Y la Oscuridad los odiaba con un odio tan absoluto que hacía que todo lo demás careciera de importancia. Daba una idea exacta de lo que era la maldad, pensó ella -que de todos los mortales era la única que no precisaba hacerse tal idea-, el hecho de que se pudiera odiar tan profundamente a la criatura que se alzaba ante ella, con los ojos ahora sin lágrimas y coloreándose como el ámbar mientras la miraba.
-Sin duda hay cierta gentileza en el rey –dijo Brendel-, aunque alguien pueda pensar lo contrario. Él me hizo llegar la noticia de que estabas aquí.
Kevin le había contado lo que Brendel había hecho: cómo había seguido a Galadan y a los lobos y también el juramento que había proferido en el Gran Salón.
-No debes echarte la culpa de lo que me sucedió -le dijo-. Me han dicho que hiciste más de lo que cualquier otro hubiera podido hacer.
-No fue suficiente. ¿Qué puedo decirte?
Ella sacudió la cabeza.
-También me proporcionaste felicidad. Mi último recuerdo de auténtico placer es haberme quedado dormida mientras oía las canciones de los lios.

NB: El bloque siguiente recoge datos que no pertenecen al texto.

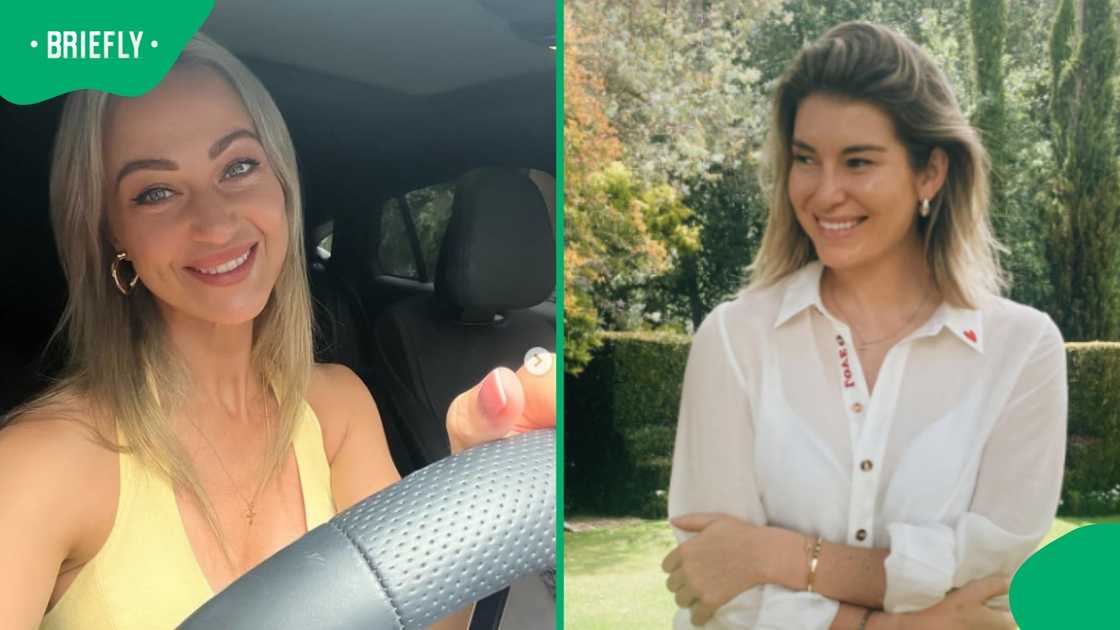 Anlia Etzebeth showed love and support to Rachel Kolisi.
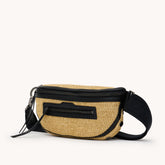 *Charles Crossbody Med - Nior SmoothRaffia GM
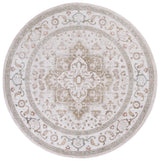 Safavieh Ellwood 6'-5" x 6'-5" Rug in Beige / Olive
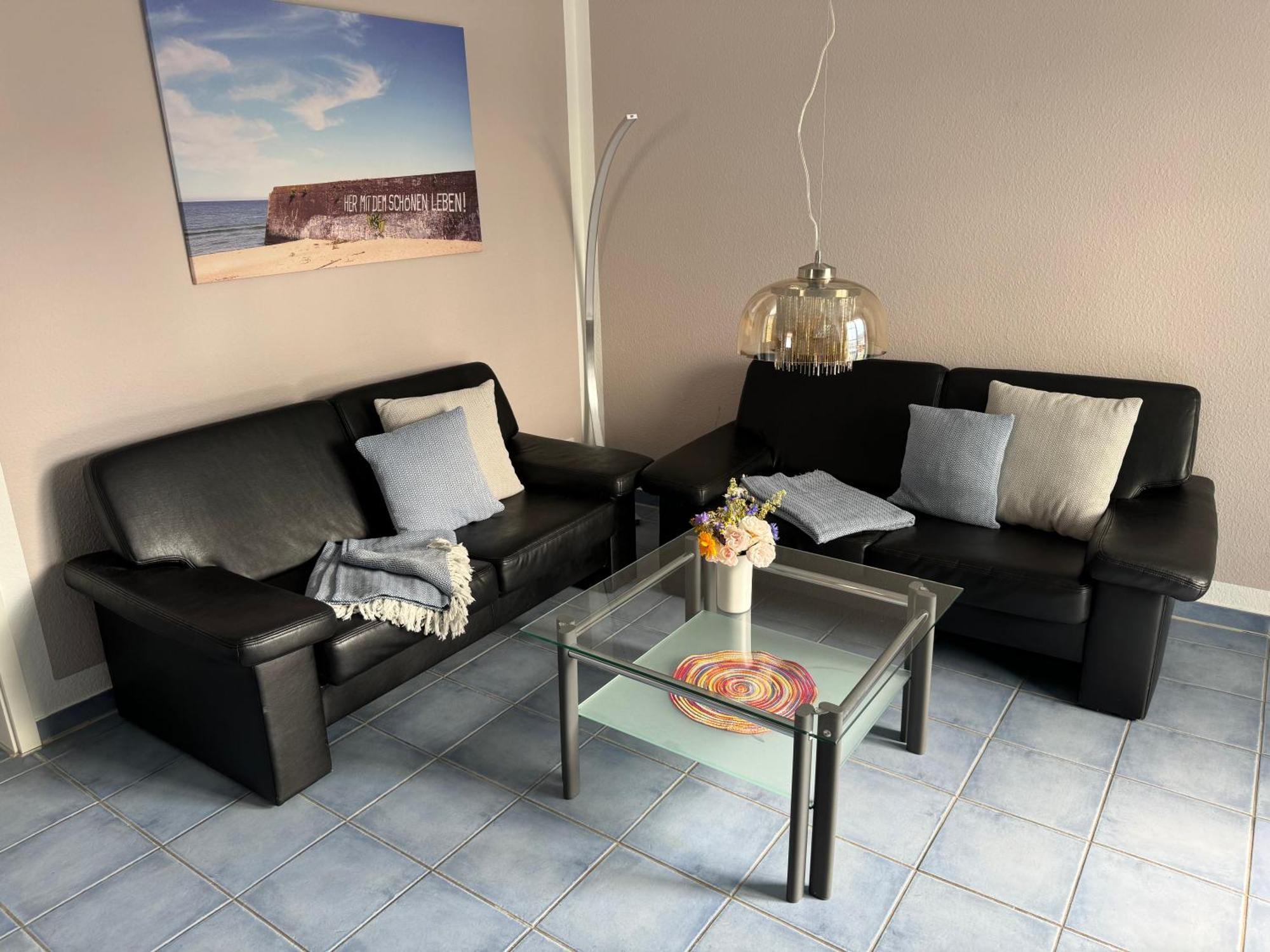 "Am Yachthafen" Apartment Seedorf  Phòng bức ảnh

-¿Podremos proporcionártelo otra vez ahora que de nuevo estás entre nosotros?
-No sé si seré capaz de disfrutarlo, Brendel. No estoy… entera.

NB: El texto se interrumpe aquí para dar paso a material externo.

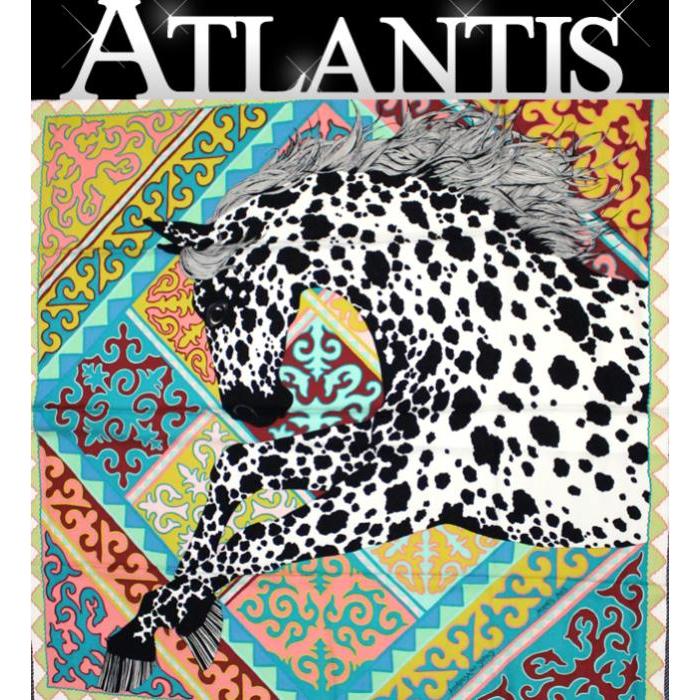 美品✨HERMESエルメス　ステップのアパルーサー　カレジュアン　カレ140 美品✨HERMESエルメス ステップのアパルーサー カレジュアン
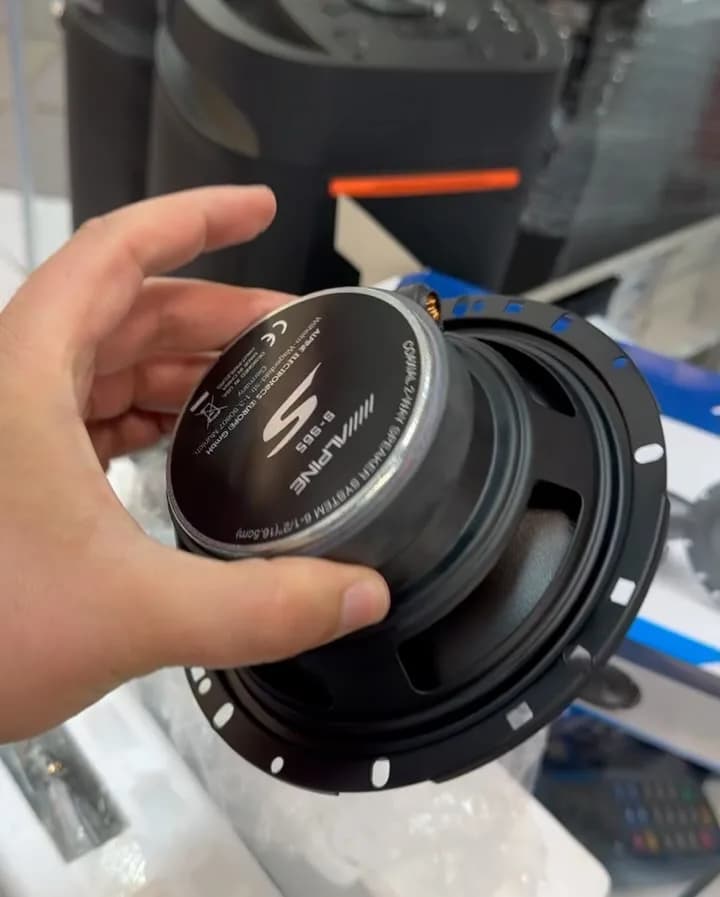 باند گرد آلپاین S-S65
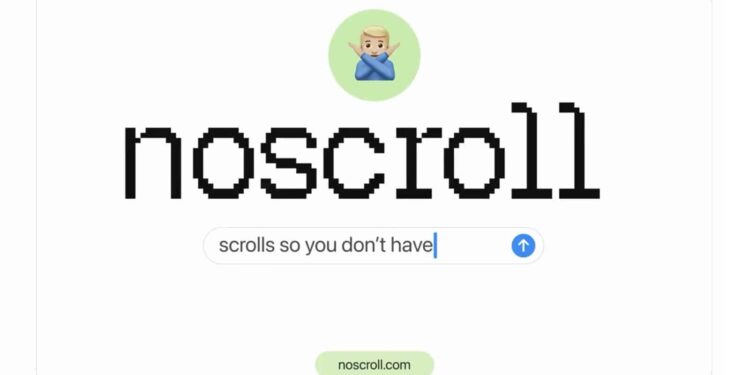 Noscroll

De alguna forma la situación era más cómoda para ella que para él. Se hizo un largo silencio, durante el cual ella sintió que los ojos de él la miraban con fijeza. Pero no sondeó en su interior aunque ella sabía que podía hacerlo; tampoco Loren había intentado un examen con ella. Ninguno de los dos había osado entrometerse; por eso ella podría ocultar la existencia de Darien, y lo haría.
-¿Podrás olvidar aquello? -le preguntó él, y su voz era una música profunda y compasiva.
-¿Acaso puedo mentirte?
Él le dio la espalda y se dirigió a la ventana. Incluso sus vestiduras parecían entretejidas de innumerables colores que cambiaban de tono cuando caminaba. La luz de las estrellas iluminaba su cabello color de plata y lo hacía brillar más aún. ¿Cómo podía mentirle a alguien que podía encerrar entre sus cabellos a las estrellas?